Your objective
Lower down are entries containing pictures. Copy exactly, without those pictures, the lines from the line with "Утюжок Remington с керамическими пластинами" through the line with "2027 Ford Super Duty F-350 DRW XL".

··· Task data ···

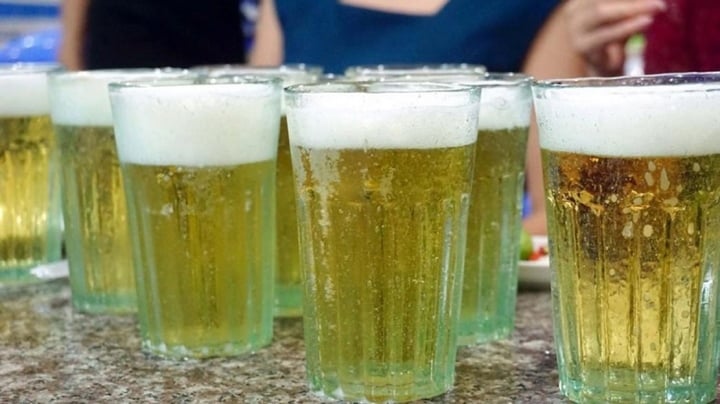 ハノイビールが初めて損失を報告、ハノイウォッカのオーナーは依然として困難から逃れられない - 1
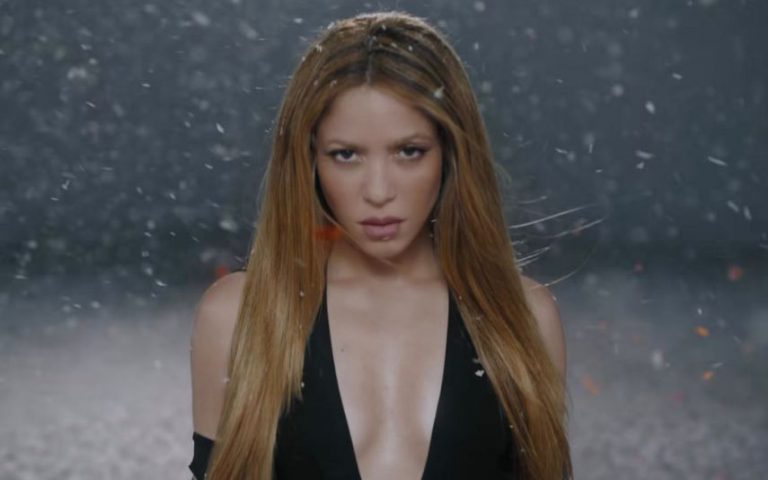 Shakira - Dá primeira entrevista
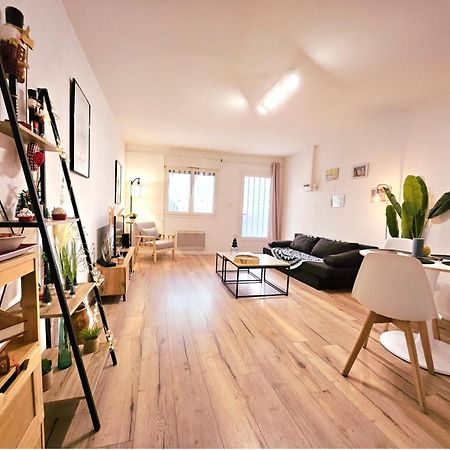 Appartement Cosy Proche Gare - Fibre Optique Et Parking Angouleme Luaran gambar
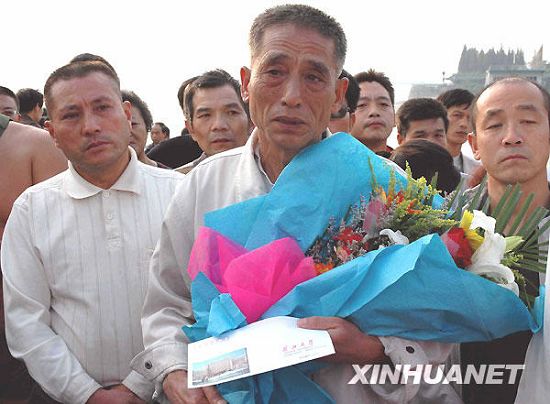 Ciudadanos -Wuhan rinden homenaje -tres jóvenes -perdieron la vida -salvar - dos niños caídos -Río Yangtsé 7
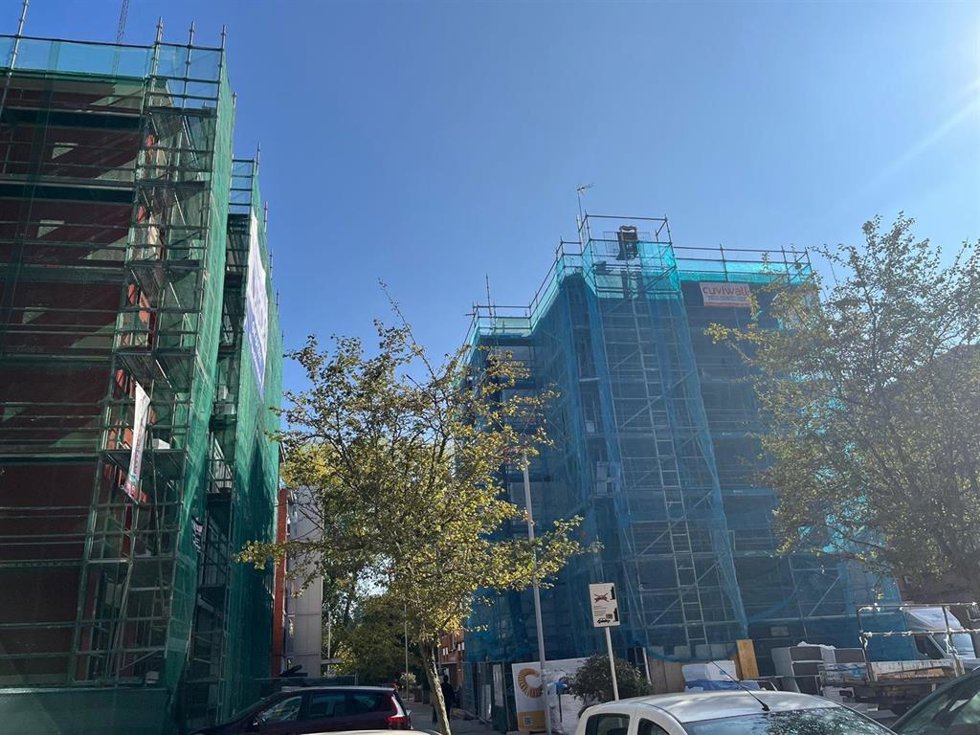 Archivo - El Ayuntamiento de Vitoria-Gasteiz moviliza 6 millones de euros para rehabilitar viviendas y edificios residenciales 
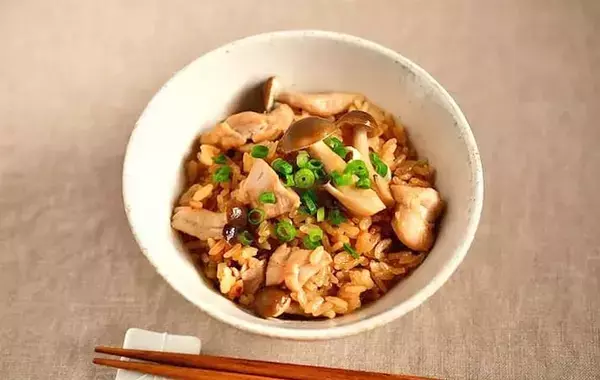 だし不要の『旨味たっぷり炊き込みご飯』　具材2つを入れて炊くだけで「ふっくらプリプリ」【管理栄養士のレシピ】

···
··· Task data ···

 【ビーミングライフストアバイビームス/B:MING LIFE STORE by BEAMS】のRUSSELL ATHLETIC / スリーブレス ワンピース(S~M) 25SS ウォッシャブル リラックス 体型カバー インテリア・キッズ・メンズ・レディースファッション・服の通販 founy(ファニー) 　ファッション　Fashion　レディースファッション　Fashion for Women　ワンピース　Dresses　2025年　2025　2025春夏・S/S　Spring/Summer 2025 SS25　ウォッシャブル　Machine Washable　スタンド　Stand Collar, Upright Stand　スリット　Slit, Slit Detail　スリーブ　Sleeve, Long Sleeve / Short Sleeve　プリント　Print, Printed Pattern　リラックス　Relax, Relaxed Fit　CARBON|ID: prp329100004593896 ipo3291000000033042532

···
··· Task data ···

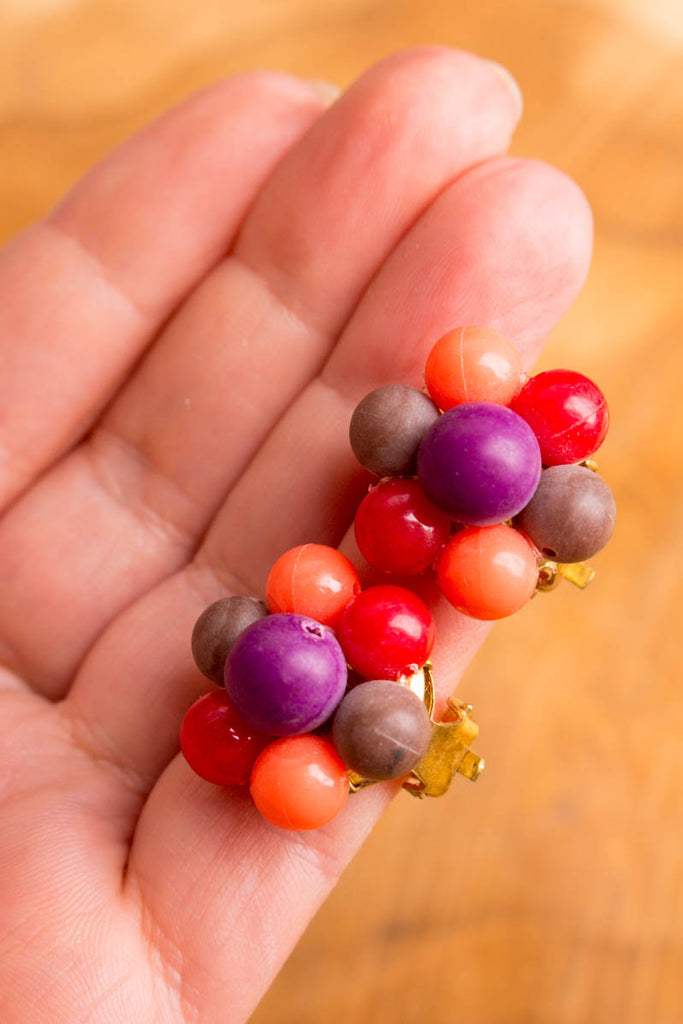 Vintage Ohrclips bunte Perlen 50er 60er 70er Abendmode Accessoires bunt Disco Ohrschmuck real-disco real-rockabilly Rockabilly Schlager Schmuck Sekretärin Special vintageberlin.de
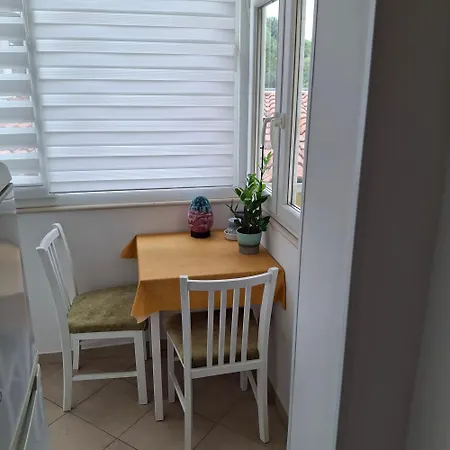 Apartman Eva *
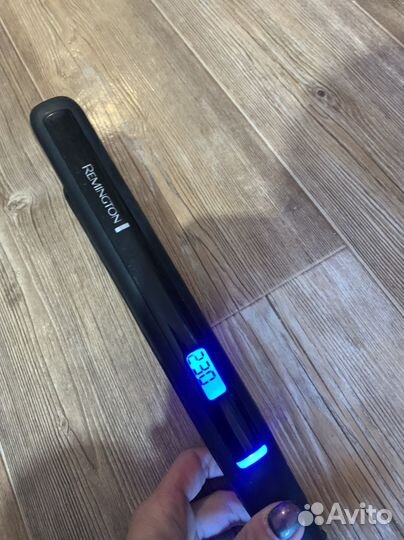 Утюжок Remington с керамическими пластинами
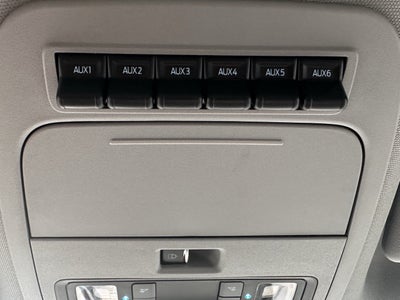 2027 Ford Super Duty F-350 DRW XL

···

Exercise solution
 Утюжок Remington с керамическими пластинами
 2027 Ford Super Duty F-350 DRW XL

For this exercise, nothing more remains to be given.